Project 3 - Training VGGNet (Due 10/09)
Objectives:
The objective of this project is to be able to use tensorflow to write
benchmark CNN structures, i.e., VGGNet, and solve a larger-scale problem. Further,
through this project, you learn how to utilize pretrained models and
fine-tune on it to solve your own problem.
Data set used:
CIFAR-10.
- This site gives you an overview of what CIFAR-10 is and how to
download the dataset.
- This
site gives you an update on who is the best in CIFAR-10.
Requirements:
- Task 1: Train a VGGNet from scratch.
- Study the sample code
from Yang Song in Lecture 7 (VGGFace) on how to train a VGGNet from
scratch for face recognition purpose. Adapt the design to CIFAR-10.
- Modify hyperparameters to get to the best performance you can
achieve.
- Task 2: Use a pretrained VGG model.
- Download a pretrained VGG model.
- Fine-tune the hyperparameters (i.e., retrain the pretrained
model using CIFAR-10 dataset) for better performance
Note that this is an open-ended problem. The
leaderboard will be frequently updated to report the best in class.
Report
Please
submit the following through Canvas before midnight on the due date.
- The evaluation graphs (e.g., convergence graph) that you generated from both Tasks 1 and
2. Discuss on the effect of different hyperparameters settings.
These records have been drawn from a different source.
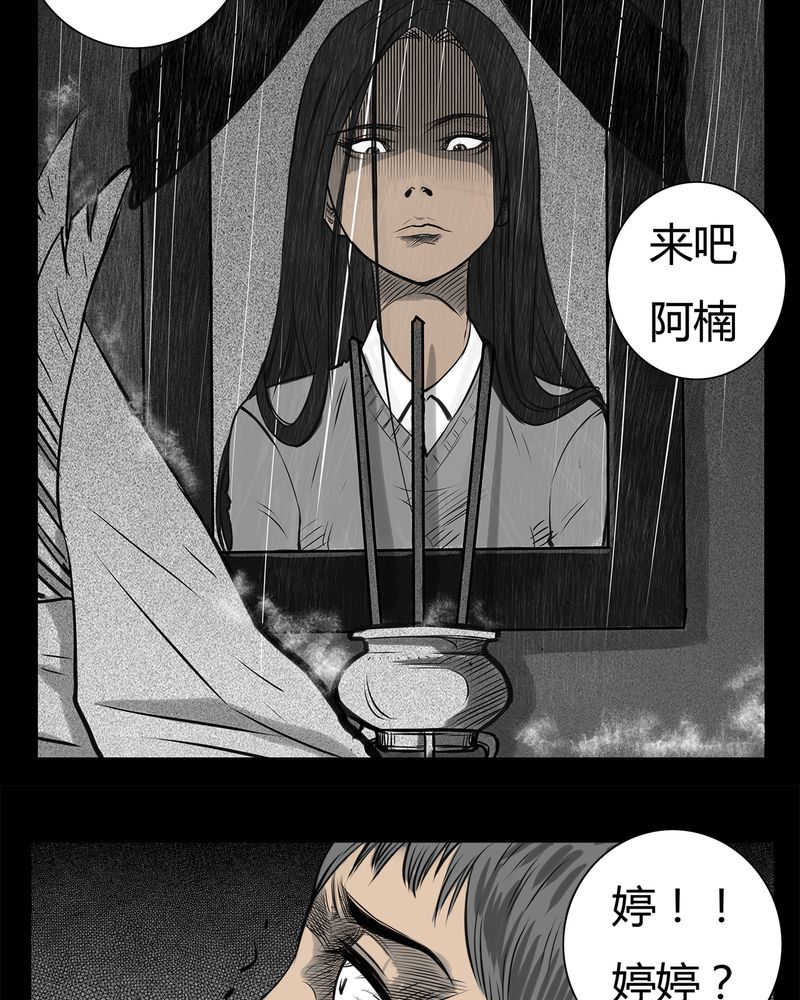 第6章：弄堂(一)11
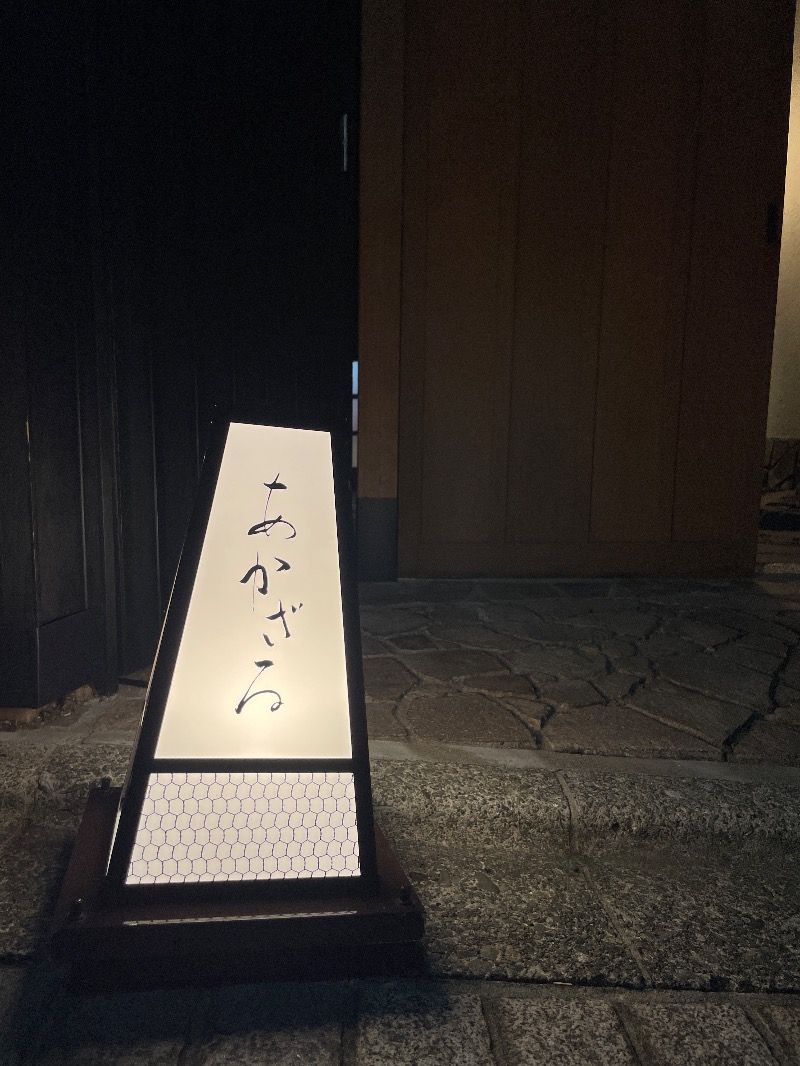 たっちゃんさんのあかざる神楽坂SAUNAのサ活写真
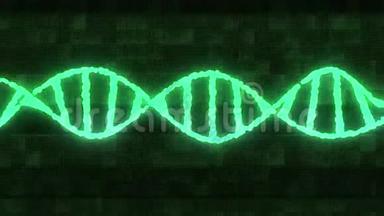 DNA螺旋分子旋转数字干扰噪声闪光屏幕动画背景新质量美丽
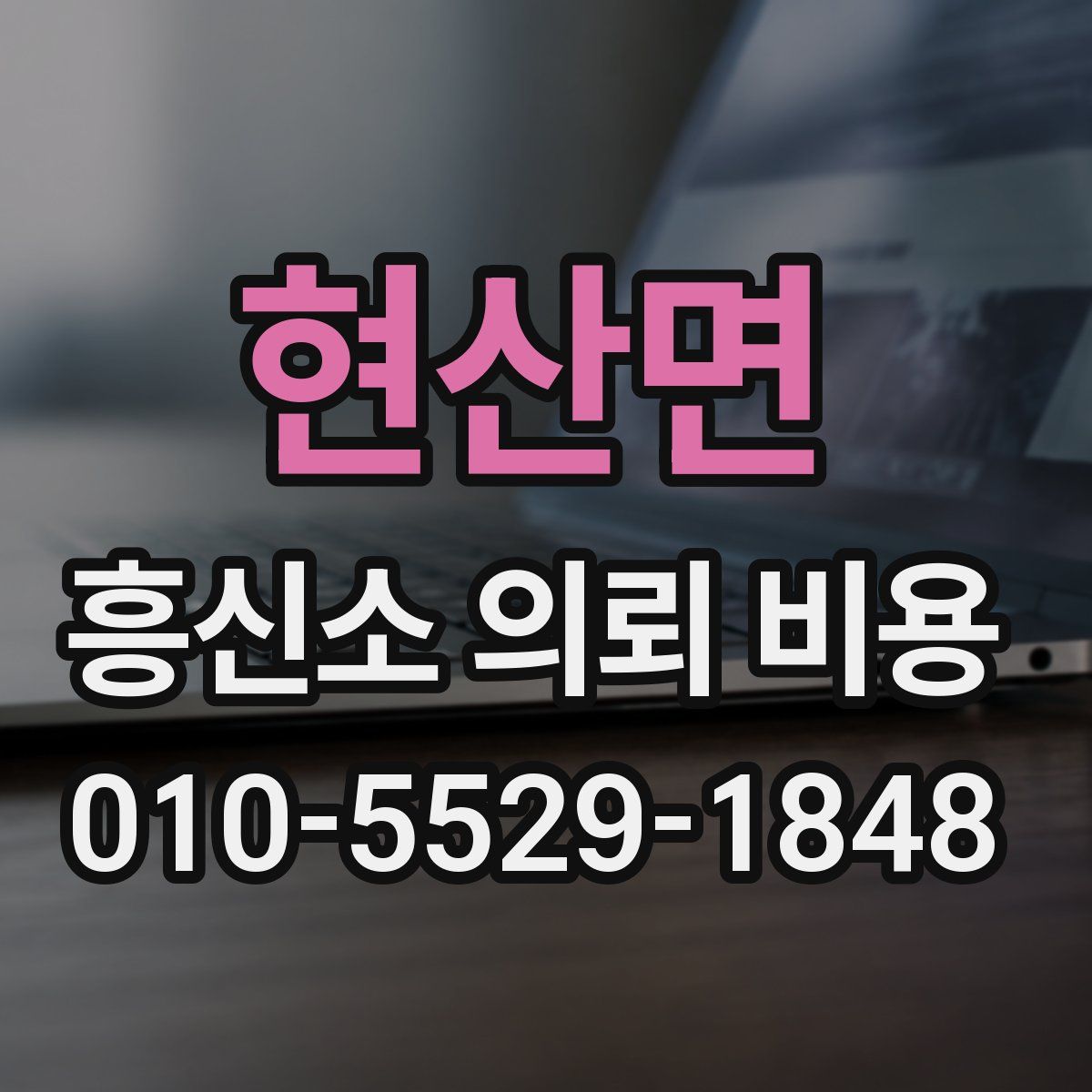현산면 흥신소 의뢰 비용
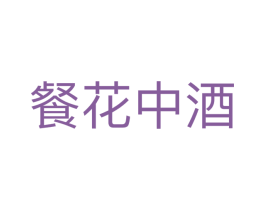 餐花中酒 第21类厨房洁具商标图样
- Discuss various design options regarding cost function and
activation function. Discuss your experience with training a CNN
structure from scratch vs. using a pretrained model. This part of the report should not exceed 2
pages (with double space)
- (For 692 students only) Read [LeCun:1998], [AlexNet:2012], [GoogLeNet:2014],
[VGGNet:2014], [ResNet:2015], and [SENet:cvpr:2018]. Discuss the core ideas that make
the structure such a success. This part of the
report should not exceed 3 pages (with double space).